Л.Г.: Пассивно. Я слушал его лекции. Один раз сам с трепетом подошел к нему и задал вопрос. После того, как я его накслушался, меня очень заинтересовала проблема аномии, и я к нему пристал. Долго-долго, путано объясняя, пытался соединить узкий горизонт буржуазного права и еще чего-то… Он слушал.

Л.Б.: А что вы имели в виду?

Л.Г.: Проблема двоемыслия: внутренняя нормативная система человека и внешняя регуляция. Он слушал, слушал, а потом сказал: «А зачем вы старика-то привели с собой?» Я совершенно отпал!

Л.Б.: То есть?

Л.Г.: Ну, Маркса! Зачем вы бороду сюда приплели? Представляете, это же 69-й год! У меня просто отпала челюсть от такого свободного отношения к классикам.

Л.Б.: А он ответил вам что-то?

Л.Г.: Ну, да. Он говорит: «Ну, правильно. Но зачем марксизм-ленинизм сюда надо было совать? Надо разбирать это социологически». Сама его свобода была абсолютно неожиданной. Ведь это 1969-й год – глубоко церемониальное отношение к авторитетам и классикам, догматизм. А тут такая легкость перевода на социологический язык! Она, конечно, поражала. Эта такая маленькая характеристика Левады.

Л.Б.: А он не боялся так разговаривать с малознакомыми людьми?

Л.Г.: Нет. У Левады вообще никогда не было признаков какого-либо страха. Он мог что-то недоговаривать, но не потому, что чего-то опасался. Просто его всегда занимала одна вещь: действительный ли это интерес или наигранный. Как только он чувствовал наигранность в любом смысле, он сразу терял интерес и отворачивался. А в том случае, когда он ощущал, что человеку что-то интересно, он включался, заражался и продолжал обсуждать. Как только он чувствовал, что человек соскальзывает на какие-то готовые клише и ходы мысли, он тут же терял к нему и  к разговору с ним всякий интерес.

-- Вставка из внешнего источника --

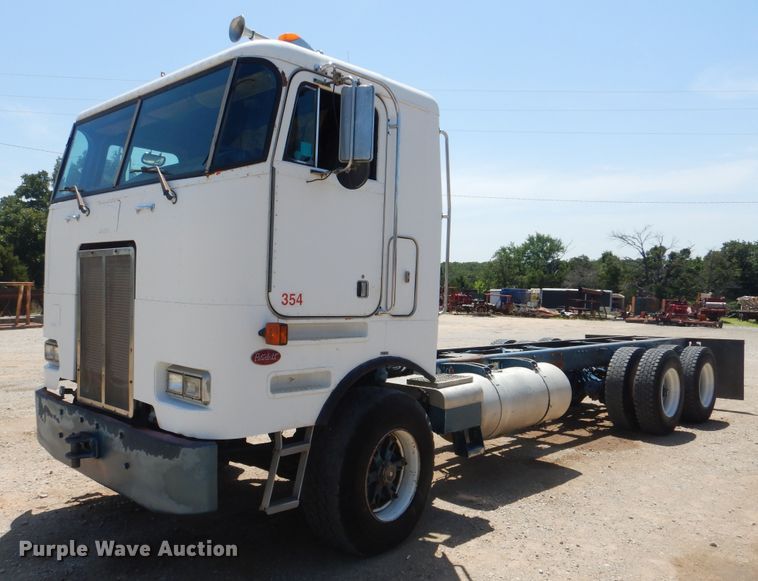 image for item DI0283 1990 Peterbilt 362  truck cab and chassis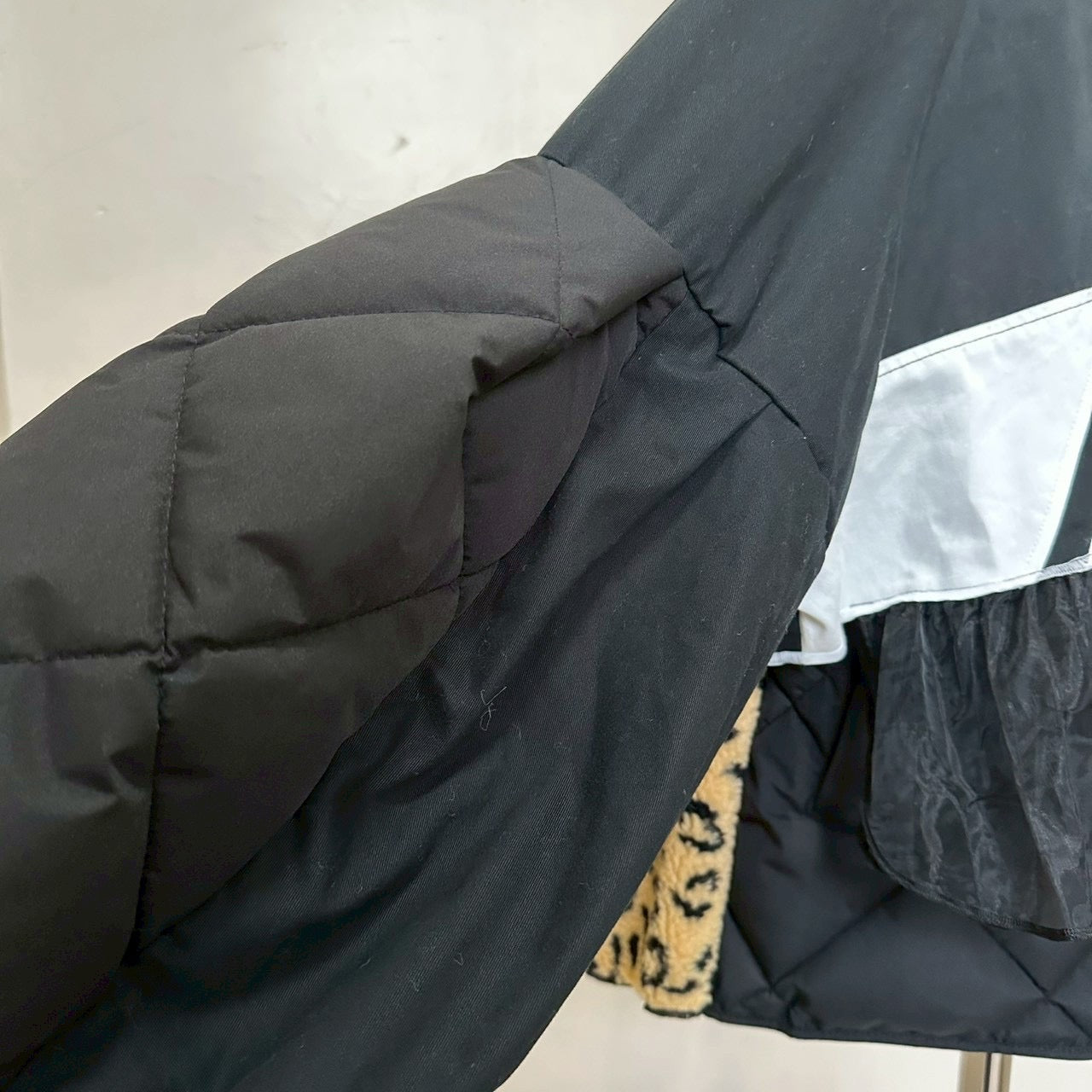 チャイナボタンチュール付きボレロジャケット 2点セット (黒)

Л.Б.: Лёва, ну, это очень большая требовательность к людям. Постоянно ведь существовало напряжение – мало кому доступно постоянно жить таким образом.

Л.Г.: Было тяжело даже присутствовать при этом. Потому что когда человек такого класса теряет интерес к собеседнику, это иногда производило тяжелое впечатление.

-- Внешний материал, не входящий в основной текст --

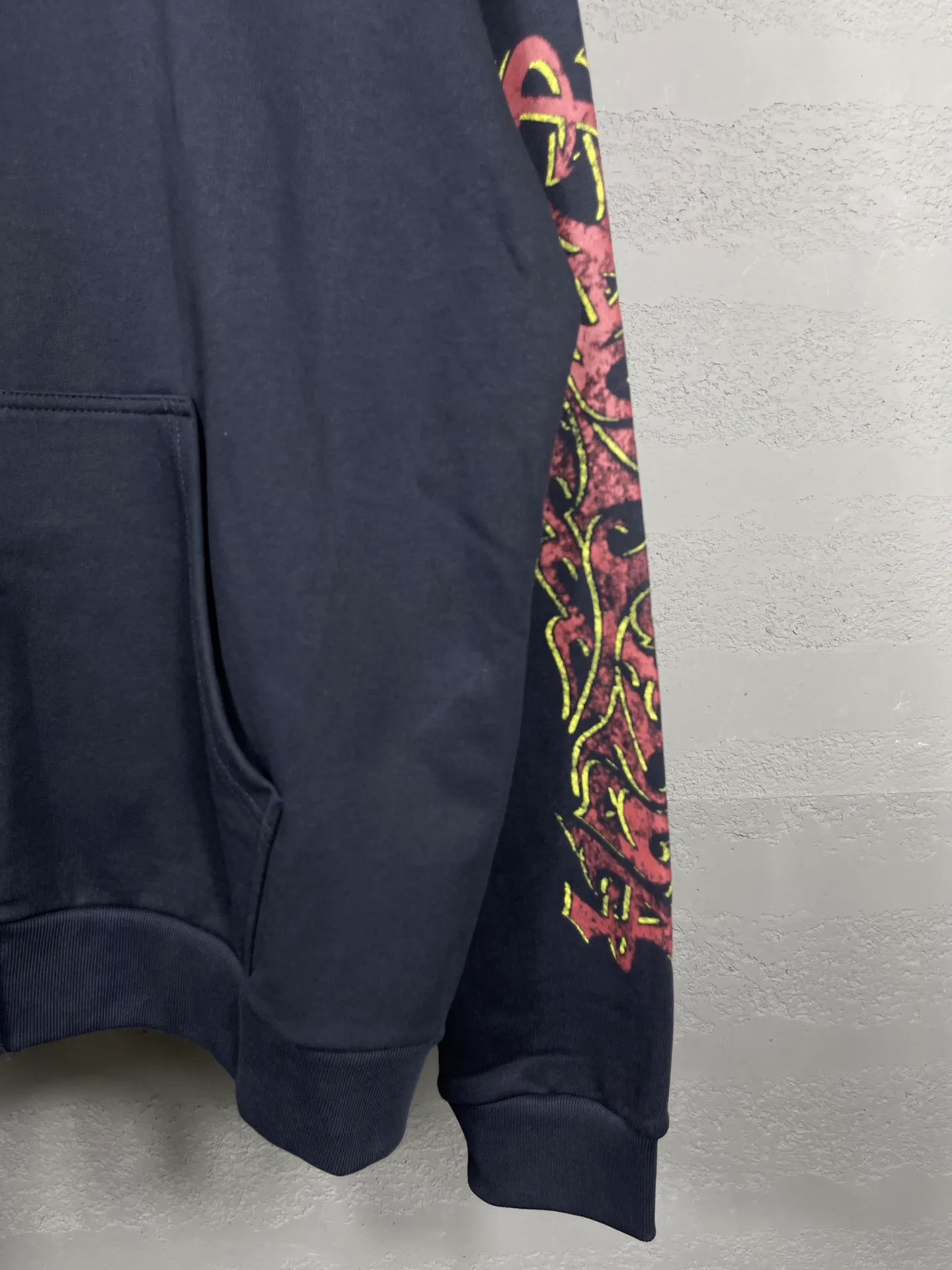 🅿️370 real photos [Top version. Official website quality] BALENCI*GA/Paris. 2024 latest flame graffiti direct-printed long-sleeved hooded zipper cardigan sweatshirt. Brick cabinet synchronization. ⚠️ Differentiating market currency. Developed by YB. The fabric is made of Paris ZP custom-woven and dyed 100% cotton double yarn compact cotton. The weight is 260 grams, the cloth surface is clean. The cloth pattern is clear, soft and comfortable. The threads are dyed with no color difference. The front and back printing adopts Kornit direct-injection printing pattern and adopts OS loose shoulder-dropping pattern. Same style for men and women. Code: BL238056 Color: dark gray blue. Pink Size: XS S M L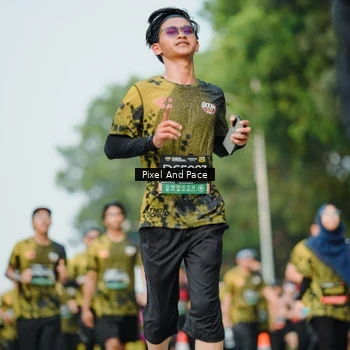 Runner Photo 6874010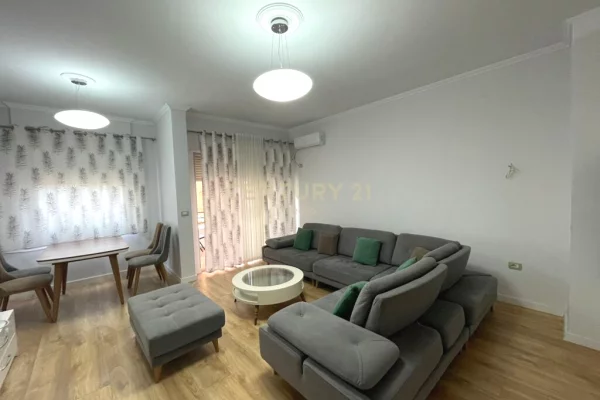 Shtepi me qera Apartament ne Tirane, 2+1, Mobilimi E mobiluar, Pagesa 800  Euro.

Это тот уровень, который Левада задавал. Это действительно было очень трудно. Чего он не выносил, это фальши и лицемерия. Любого, даже с лучшими намерениями.

Л.Б.: Что Вы имеете в виду?

Л.Г.: Ну, когда человек хотел понравиться – или даже представить себя с лучшей стороны.

Л.Б.: Но ведь это вообще свойственно людям.

Л.Г.: Нет, в этом смысле он был очень жесткий человек. Я вам могу рассказать одну историю. Это мне рассказывала покойная Клара Ким.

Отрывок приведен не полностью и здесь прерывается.